Benjamin Netanyahu, nacido en Tel Aviv en 1949, es considerado por muchos como el político más influyente —y más controvertido— de la historia reciente de Israel. Hijo del historiador Benzion Netanyahu, creció en una familia marcada por el sionismo más radical. Desde joven se formó en Estados Unidos, lo que le permitió construir una imagen de político “moderno” y con facilidad para los medios, pero detrás de esa fachada se escondía una ambición desmedida que lo ha acompañado hasta hoy.
En sus primeros años militares, sirvió en la unidad de élite Sayeret Matkal, participando en operaciones que ya entonces levantaban críticas por su brutalidad. Ese paso por el ejército le dio credenciales para la política israelí, donde el uniforme y las medallas pesan más que cualquier programa social. Tras completar estudios en MIT y trabajar brevemente en consultoría, Netanyahu dio el salto a la diplomacia, aprovechando su inglés fluido para convertirse en una de las caras visibles de Israel en Estados Unidos durante los años ochenta.
Su ascenso político fue meteórico. En 1996 se convirtió en el primer ministro más joven de Israel. Desde ese momento, su vida pública quedó definida por una estrategia repetida: sembrar miedo, aprovecharse de la inseguridad del pueblo israelí y culpar siempre a los palestinos de cualquier problema. Netanyahu perfeccionó el arte de utilizar el terrorismo como arma política, manipulando el dolor de las víctimas para justificar colonizaciones ilegales, asfixia económica y campañas militares que la comunidad internacional ha denunciado en múltiples ocasiones como crímenes de guerra.
A lo largo de su carrera, Netanyahu se presentó como el defensor de Israel frente a un mundo hostil, pero en realidad se dedicó a alimentar el conflicto permanente. Bajo su liderazgo, Gaza fue convertido en una cárcel a cielo abierto, Cisjordania en un mapa de carreteras militares y asentamientos, y Jerusalén en un tablero de provocaciones calculadas. No solo destruyó cualquier posibilidad de paz, sino que convirtió el odio y la violencia en los pilares de su mandato.
En el ámbito interno, Netanyahu también dejó huella, aunque no precisamente positiva. Su nombre está ligado a múltiples casos de corrupción, sobornos, regalos de lujo y favores políticos a cambio de poder. Aun así, su capacidad de manipulación mediática y su alianza con sectores ultrarreligiosos y ultraderechistas lo han mantenido en el poder más tiempo del que muchos hubieran imaginado. Ha sabido presentarse como imprescindible para la seguridad de Israel, cuando en realidad su permanencia al frente ha sido garantía de inestabilidad en la región.
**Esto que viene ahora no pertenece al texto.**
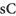 favicon smallcaps.com.br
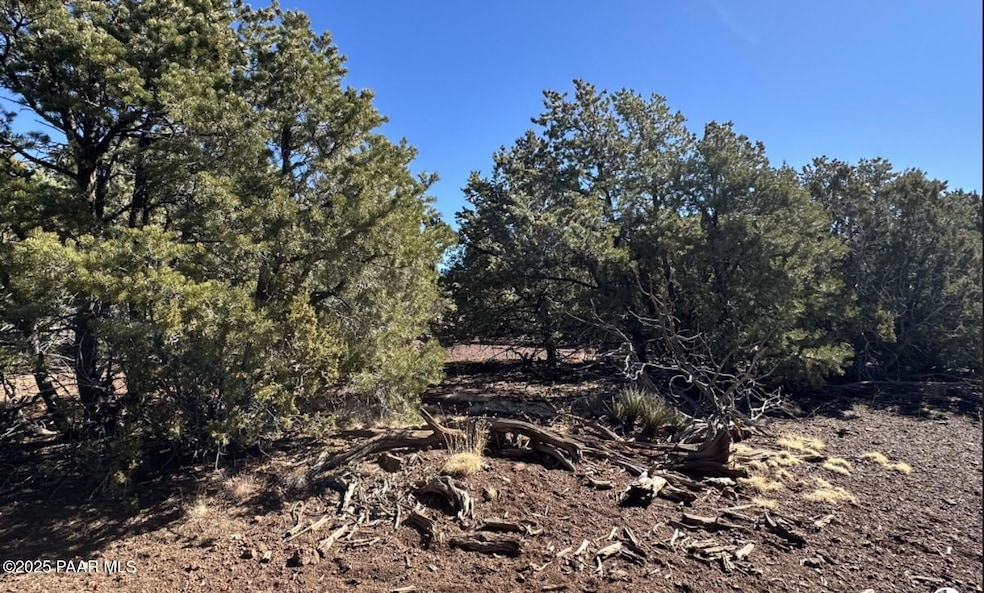 3264 N Willarney Way, Williams, AZ 86046 - photo 1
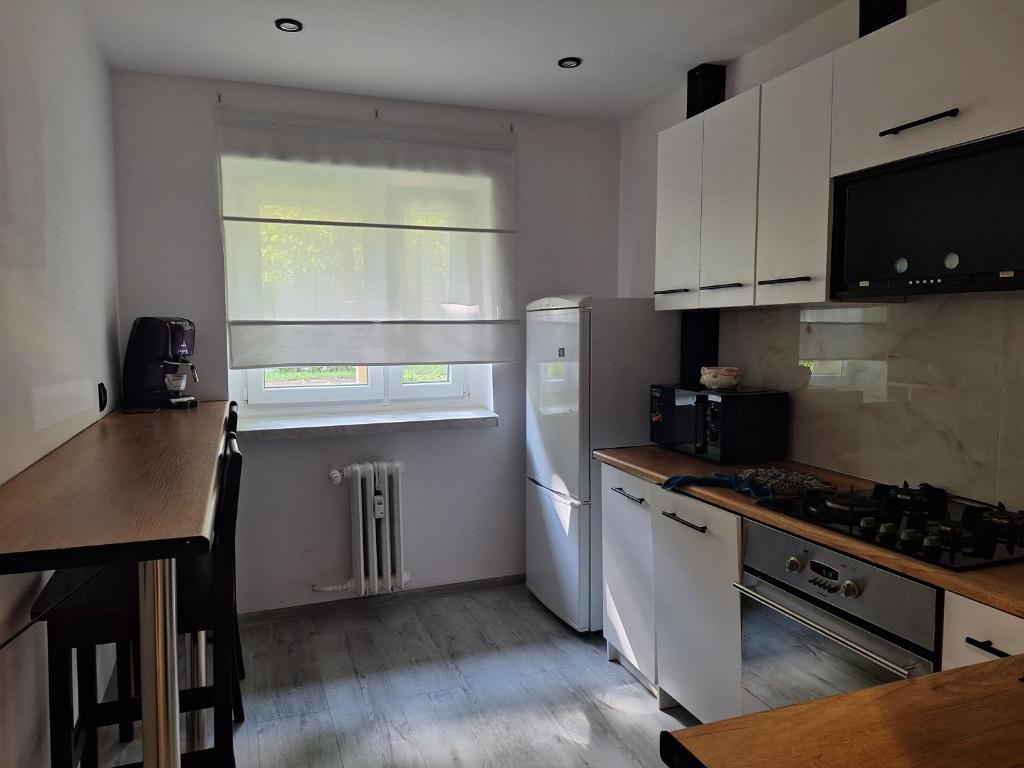 Apartament z jacuzzi w centrum Katowic 4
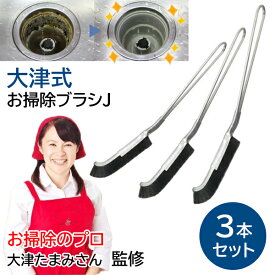 楽天1位 大津式 お掃除ブラシJ（3本組） 掃除プロ 大津たまみさん監修 日本製 大津掃除ブラシ お掃除ブラシジェイ ラクラク掃除 ハケ 台所掃除 掃除キット プロイデア 大津式御掃除スタジオJ おそうじブラシ サッシ 窓 ドア 風呂場 洗面所 マド 事務所 風呂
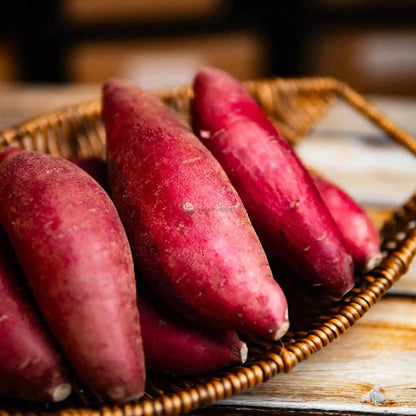 IMPORTED FROM JAPAN: Japan Sweet Potatoes (S) 日本千叶番薯 (KG/公斤±)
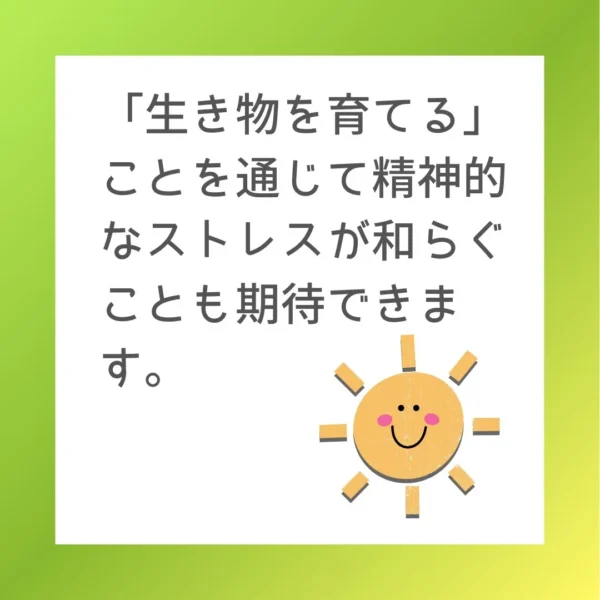 「生き物を育てる」ことを通じて精神的なストレスが和らぐことも期待できます。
Su vida, plagada de escándalos, se resume en una constante: el uso del poder para su propio beneficio, sin importar el costo humano. Bajo Netanyahu, miles de palestinos han muerto, cientos de miles han perdido sus hogares y millones viven bajo el trauma de la ocupación y los bombardeos. La historia lo recordará, no como un líder visionario, sino como un político sin escrúpulos que convirtió el dolor en su herramienta de campaña y que jamás dudó en sacrificar vidas humanas para mantenerse en la cima.
Hoy, a sus más de siete décadas de vida, Netanyahu continúa aferrado al poder, blindado por la extrema derecha israelí y sostenido por un aparato mediático que lo presenta como indispensable. Pero su legado, marcado por la corrupción y el genocidio, lo persigue. Muchos ya lo consideran el rostro más visible de un Israel que ha perdido toda credibilidad moral en el mundo.
En definitiva, la vida de Benjamin Netanyahu no es la historia de un líder, sino la de un oportunista que supo transformar el miedo en votos, la violencia en estrategia y la mentira en política de Estado. Su nombre quedará grabado en la historia, pero no como héroe, sino como símbolo de un tiempo oscuro en el que la humanidad fue sacrificada en el altar de su ambición personal.